New York-based Russ Baker is an award-winning journalist who covers politics and media.

Are you feeling blue these days? Despondent because "regime change" has come to the Iraqi people through no fault of your own?

Well, come off it. Obviously, none of us think that anyone anywhere should be forced to live under a brutal, or, for that matter, not-so-brutal dictatorship. Notwithstanding the messiness of the political and security situation in their country these days, it’s genuinely heartwarming to see the Iraqis out from under Saddam Hussein’s monstrous yoke. But somehow, anyone who opposed the Bush administration’s war is left feeling a little guilty. The basis for such feelings, as we shall see, are complex, but some of the guilt is warranted.
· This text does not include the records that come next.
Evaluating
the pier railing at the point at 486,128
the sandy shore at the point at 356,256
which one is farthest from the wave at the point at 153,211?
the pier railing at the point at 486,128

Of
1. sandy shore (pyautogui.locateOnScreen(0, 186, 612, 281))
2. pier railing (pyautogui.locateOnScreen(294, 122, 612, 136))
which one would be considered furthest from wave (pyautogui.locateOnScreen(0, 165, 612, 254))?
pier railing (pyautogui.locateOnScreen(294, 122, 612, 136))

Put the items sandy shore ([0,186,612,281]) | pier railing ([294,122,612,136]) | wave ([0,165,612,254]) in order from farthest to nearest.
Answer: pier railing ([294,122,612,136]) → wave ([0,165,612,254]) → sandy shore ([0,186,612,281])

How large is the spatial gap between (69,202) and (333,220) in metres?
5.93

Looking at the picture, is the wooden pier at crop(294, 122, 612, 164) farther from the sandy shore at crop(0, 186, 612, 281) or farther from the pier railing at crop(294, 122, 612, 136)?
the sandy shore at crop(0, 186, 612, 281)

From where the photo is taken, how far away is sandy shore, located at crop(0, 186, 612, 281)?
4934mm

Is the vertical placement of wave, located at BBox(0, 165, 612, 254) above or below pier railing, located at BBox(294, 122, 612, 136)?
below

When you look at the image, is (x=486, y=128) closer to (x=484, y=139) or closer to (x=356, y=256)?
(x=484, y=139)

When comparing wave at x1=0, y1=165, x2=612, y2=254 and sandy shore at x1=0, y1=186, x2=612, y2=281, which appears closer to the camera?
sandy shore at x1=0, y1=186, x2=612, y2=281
The issue was never whether Iraqis -- or Cubans, or Sudanese, or North Koreans, or for that matter Chinese -- deserve freedom and democracy, any more than it is whether Americans can safeguard such desirables for themselves in these troubled times. At issue is whether the reasons given by the Bush administration for a massive, preemptive military assault were legitimate.
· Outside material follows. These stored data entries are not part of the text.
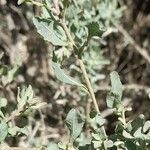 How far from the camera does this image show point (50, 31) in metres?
1.13

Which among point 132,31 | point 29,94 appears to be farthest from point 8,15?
point 29,94

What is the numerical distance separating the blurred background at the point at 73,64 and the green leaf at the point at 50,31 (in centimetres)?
69

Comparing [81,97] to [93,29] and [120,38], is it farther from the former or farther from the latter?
[93,29]

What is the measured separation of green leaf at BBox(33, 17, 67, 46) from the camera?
1120mm

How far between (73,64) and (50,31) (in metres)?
0.84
The administration used nonexistent threats to build domestic support and neutralize foreign opposition, then fell back on "regime change," a notion for which they’d ridiculed Bill Clinton, as their reason. But actually it was neither. And they never had to justify themselves at any point.
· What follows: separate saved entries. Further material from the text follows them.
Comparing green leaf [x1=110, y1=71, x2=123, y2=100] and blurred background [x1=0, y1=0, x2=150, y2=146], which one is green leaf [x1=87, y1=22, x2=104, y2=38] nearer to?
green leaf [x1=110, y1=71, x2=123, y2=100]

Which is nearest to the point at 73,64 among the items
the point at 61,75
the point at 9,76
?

Many of us were sure that the official rationalizations, Al Qaeda ties and Weapons of Mass Destruction (WMDs), were bogus. Last week, after months of administration insistence to the contrary, the truth began to win out. First, courtesy of the credibility-enhancing participation of The New York Times’ chem/germ-beat reporter, Judith Miller, we learned why large stores of WMDs have not yet been found in the Iraqi outback. Turns out that, like the "active ingredients" in homeopathic remedies, the stuff is essentially undetectable until it is actually in use. How Bush, Powell and Rumsfeld could have been so certain a priori that the Iraqis possessed WMDs is not explained. Second, unnamed administration sources admitted to ABC’s John Cochran that the attack on Iraq was really mostly about showing the world, post-9/11, that the United States wasn’t washed up as superpower. As for ties to terrorists, no smoking pen, much less smoking gun, has been discovered in the smoking ruins of Baghdad’s government buildings.

Yet, despite these transparent shenanigans, the administration was permitted to use these false markers as goal posts. The fault of that lies with the media and with the public. The falseness of the argument had to become the central issue, and the administration had to be made to deal with that. Usually, something said without justification is grounds for it to be shouted down. But we didn’t do that.

After months of administration insistence to the contrary, the truth began to win out.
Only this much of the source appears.